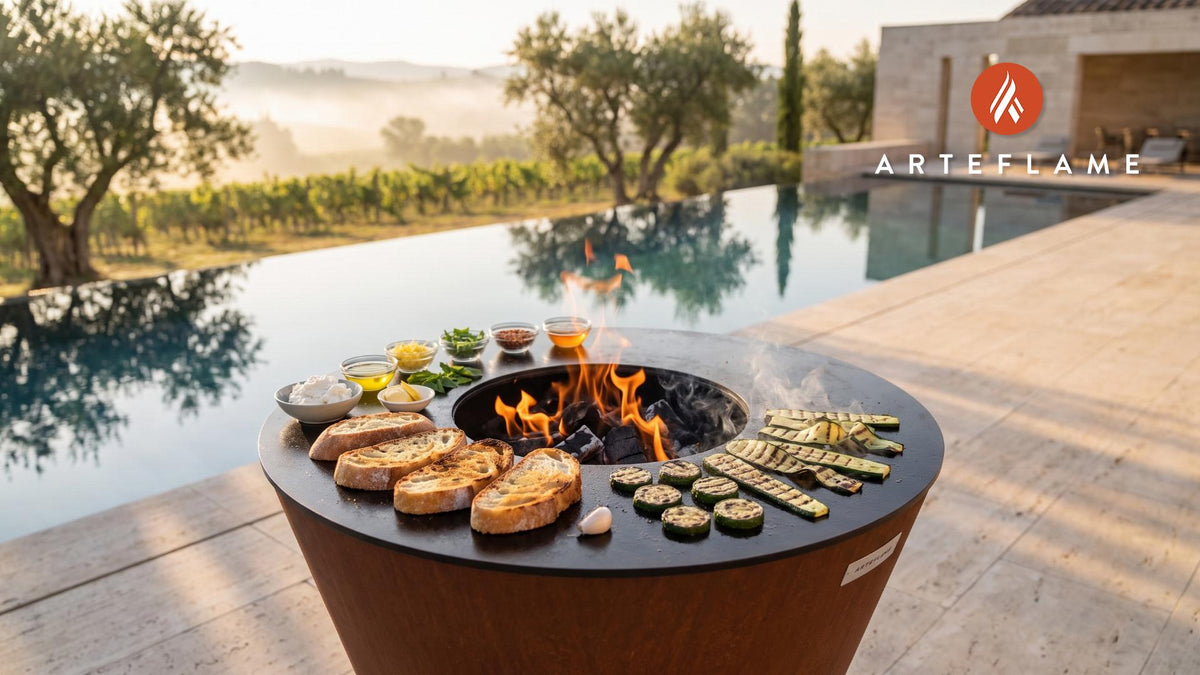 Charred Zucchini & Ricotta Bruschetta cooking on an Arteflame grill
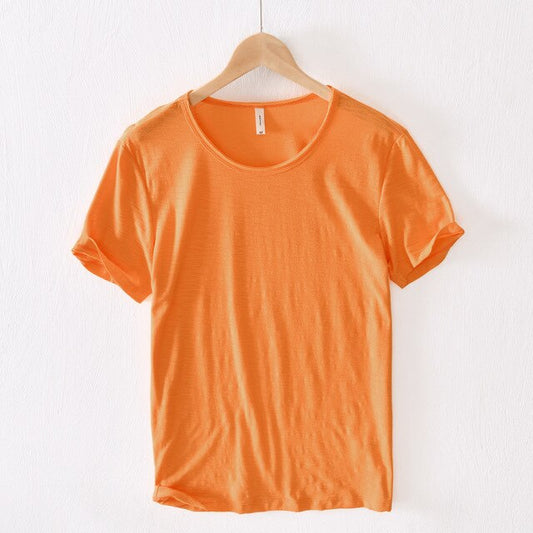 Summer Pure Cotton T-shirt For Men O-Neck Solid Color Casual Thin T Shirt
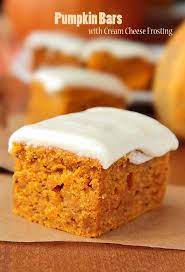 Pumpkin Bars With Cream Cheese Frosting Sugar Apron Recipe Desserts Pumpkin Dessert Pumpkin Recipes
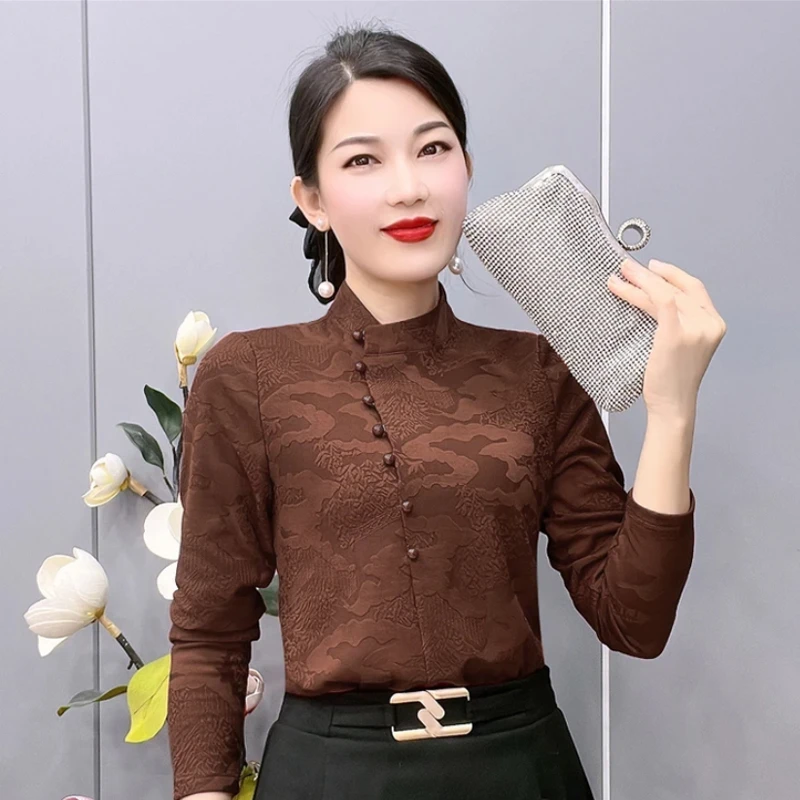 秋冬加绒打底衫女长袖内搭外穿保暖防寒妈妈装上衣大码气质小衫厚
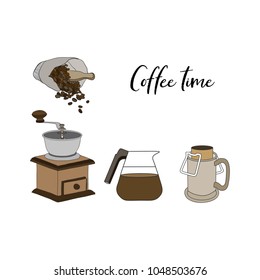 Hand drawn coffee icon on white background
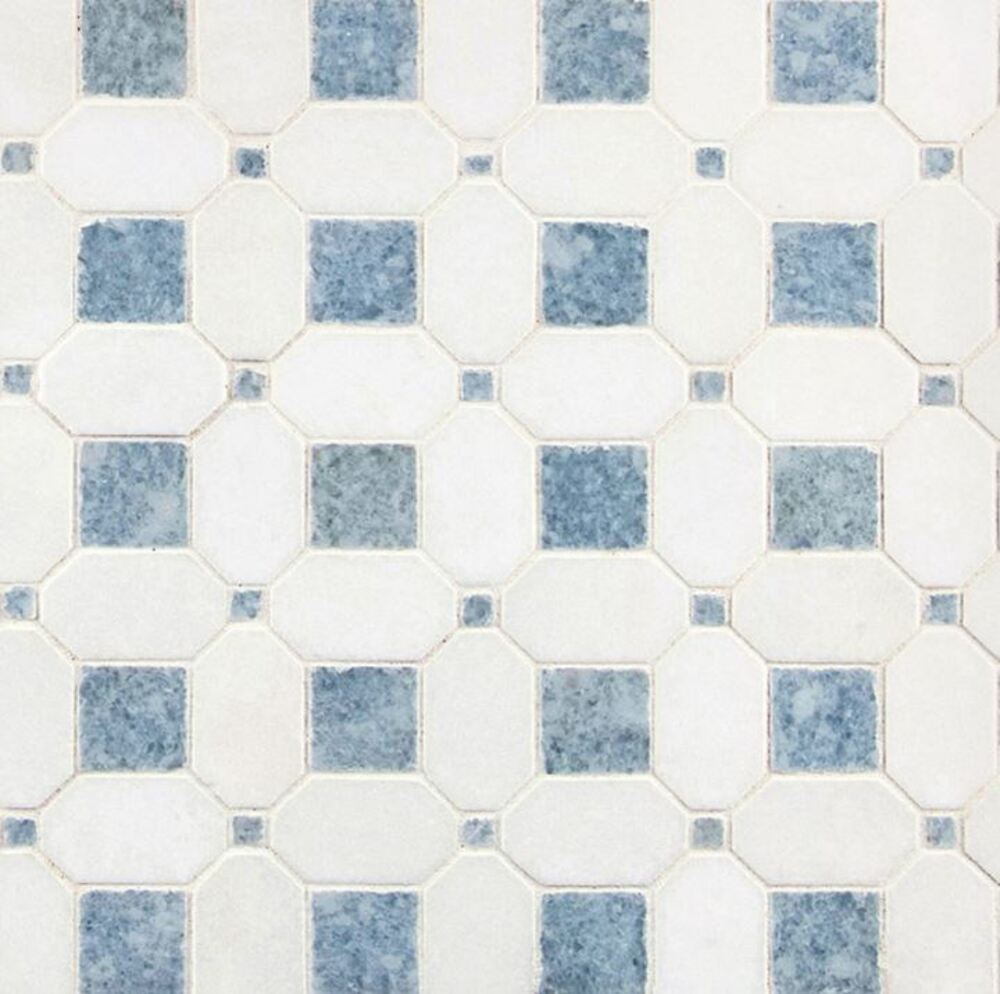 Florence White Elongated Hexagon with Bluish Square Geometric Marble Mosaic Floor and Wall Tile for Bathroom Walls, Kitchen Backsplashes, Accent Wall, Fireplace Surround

****

Task item:
Your copy should match the data exactly, apart from the images, which are dropped.

Result below:
 Charred Zucchini & Ricotta Bruschetta cooking on an Arteflame grill
 Summer Pure Cotton T-shirt For Men O-Neck Solid Color Casual Thin T Shirt
 Pumpkin Bars With Cream Cheese Frosting Sugar Apron Recipe Desserts Pumpkin Dessert Pumpkin Recipes
 秋冬加绒打底衫女长袖内搭外穿保暖防寒妈妈装上衣大码气质小衫厚
 Hand drawn coffee icon on white background
 Florence White Elongated Hexagon with Bluish Square Geometric Marble Mosaic Floor and Wall Tile for Bathroom Walls, Kitchen Backsplashes, Accent Wall, Fireplace Surround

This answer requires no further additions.